» **TASK INSTRUCTIONS**
In the copy you make of the entries, no picture should appear, and every word must match.

(RECORDED DATA begins)

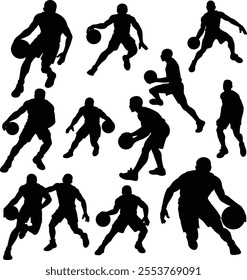 player, action, athlete, ball, basketball, competition, activity, silhouette, illustration, sport, male, game, basket, jump, people, isolated, team, play, man, vector, volleyball, black, fitness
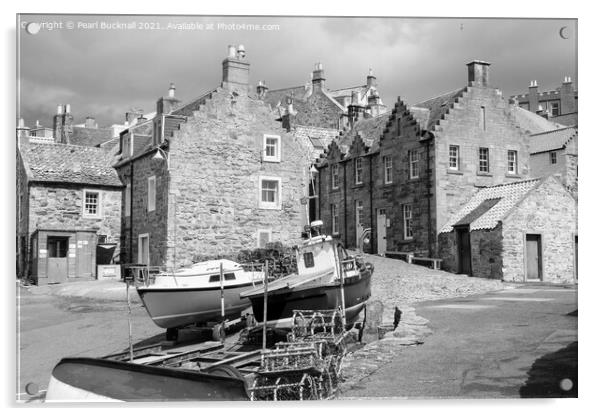 Crail Fishing Village Fife Scotland Mono Acrylic by Pearl Bucknall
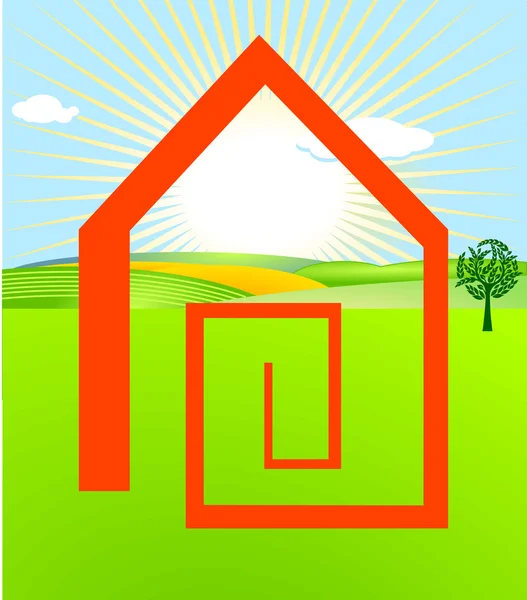 To have a house built — Stock Vector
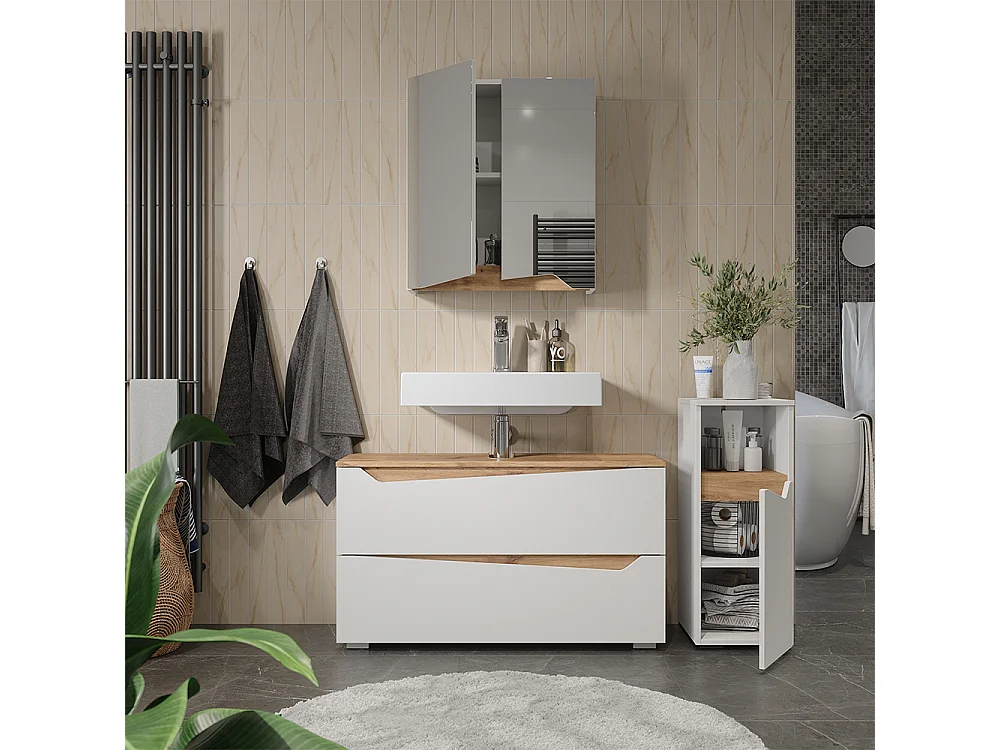 Zestaw mebli łazienkowych biały/dąb artisan 100x35x57.5 marelle
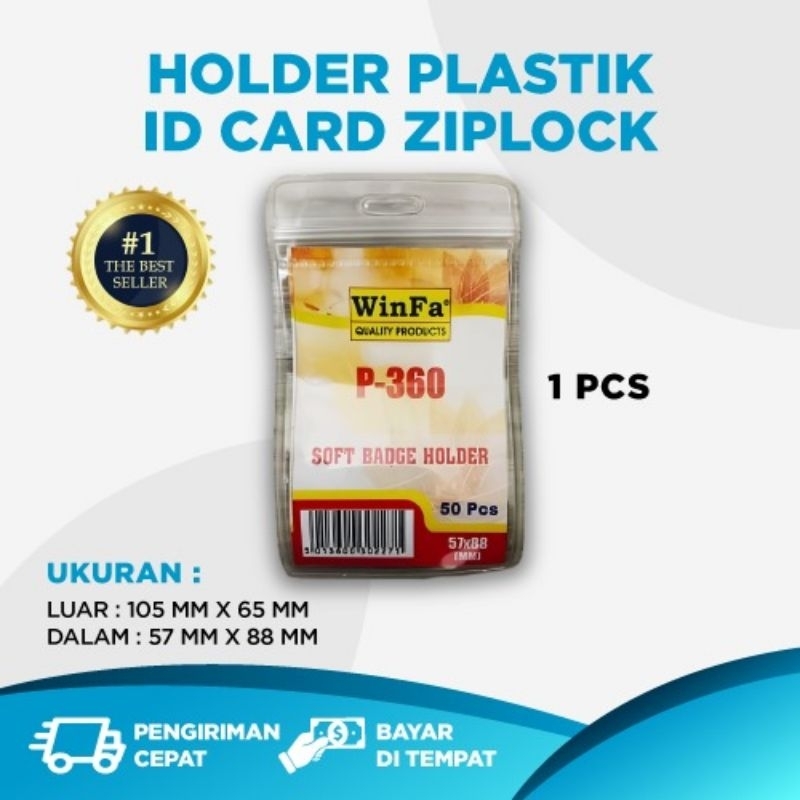 

Name Tag ID Card Lanyard Soft Badge Holder Plastik ID Card P-360 Ziplock Waterproof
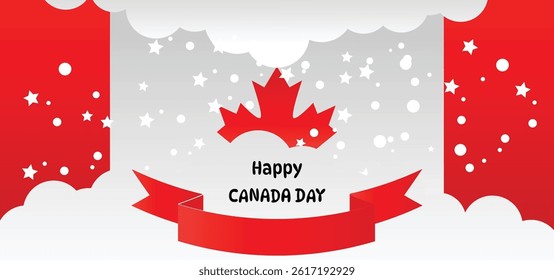 Happy Canada Day Background, Red and White Colors.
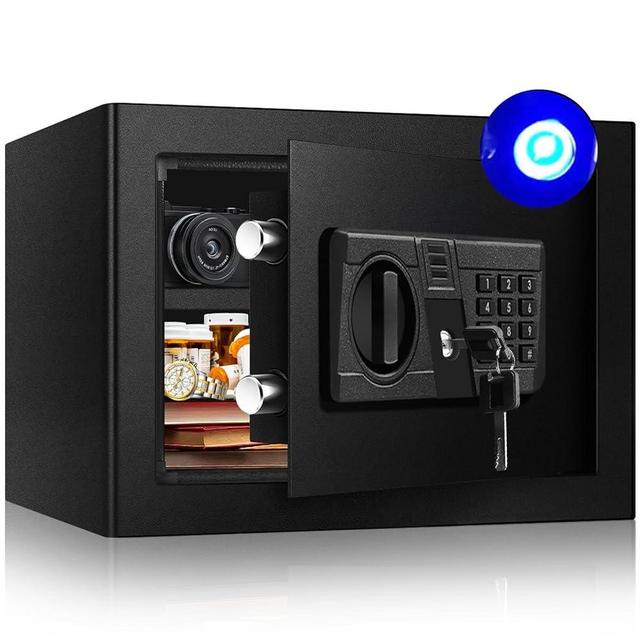 TOTOY 0.8 Cu Ft Small Personal Safe Box with Sensor Light -Electronic Keypad Security Safe Steel Construction Hidden with Key Lock, Removable Shelf, Wall Floor Anchoring for Home Office Hotel Cabinet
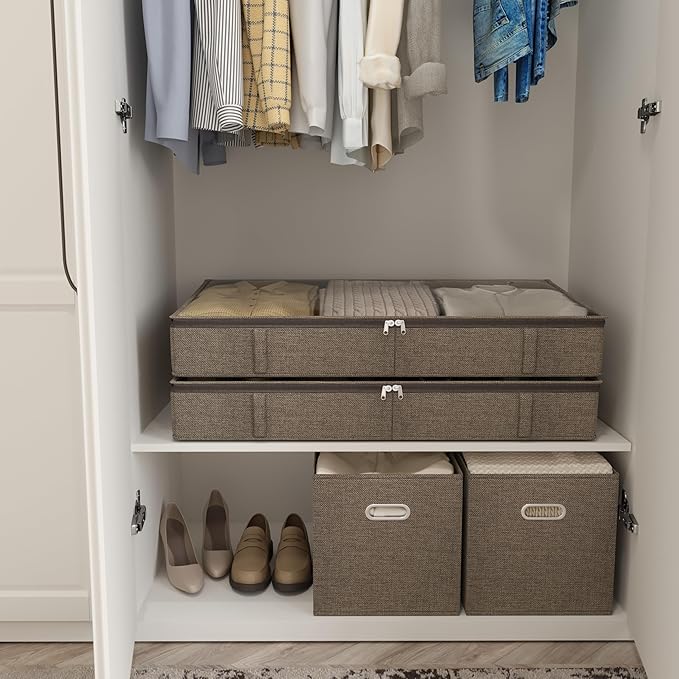 Brown Low Profile Under Bed Storage Containers 5 inches high, 33.8
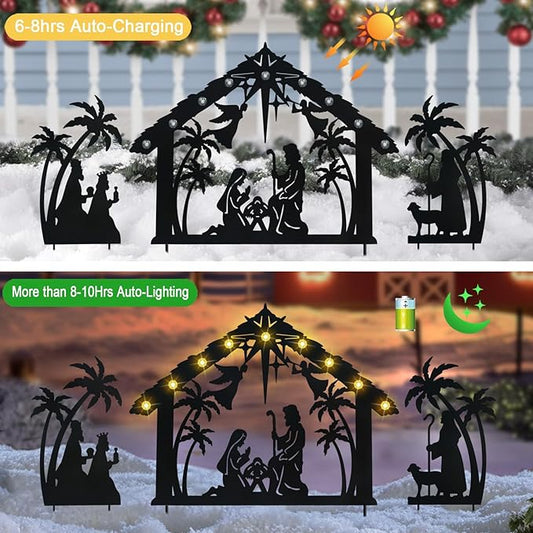 Solar Nativity Scene Outdoor,3Pack Lighted Outdoor Christmas Decorations,Metal Silhouette Nativity Set Outside for Yard Garden Stake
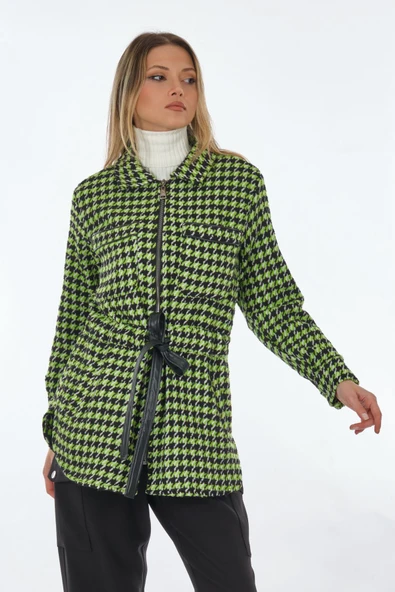 Unique Mode Oversize Midi Kazayağı Desenli Fermuarlı Ceket - Günlük & Şık - Resim 4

(RECORDED DATA ends)

» **EXERCISE ANSWER**
 player, action, athlete, ball, basketball, competition, activity, silhouette, illustration, sport, male, game, basket, jump, people, isolated, team, play, man, vector, volleyball, black, fitness
 Crail Fishing Village Fife Scotland Mono Acrylic by Pearl Bucknall
 To have a house built — Stock Vector
 Zestaw mebli łazienkowych biały/dąb artisan 100x35x57.5 marelle

Name Tag ID Card Lanyard Soft Badge Holder Plastik ID Card P-360 Ziplock Waterproof
 Happy Canada Day Background, Red and White Colors.
 TOTOY 0.8 Cu Ft Small Personal Safe Box with Sensor Light -Electronic Keypad Security Safe Steel Construction Hidden with Key Lock, Removable Shelf, Wall Floor Anchoring for Home Office Hotel Cabinet
 Brown Low Profile Under Bed Storage Containers 5 inches high, 33.8
 Solar Nativity Scene Outdoor,3Pack Lighted Outdoor Christmas Decorations,Metal Silhouette Nativity Set Outside for Yard Garden Stake
 Unique Mode Oversize Midi Kazayağı Desenli Fermuarlı Ceket - Günlük & Şık - Resim 4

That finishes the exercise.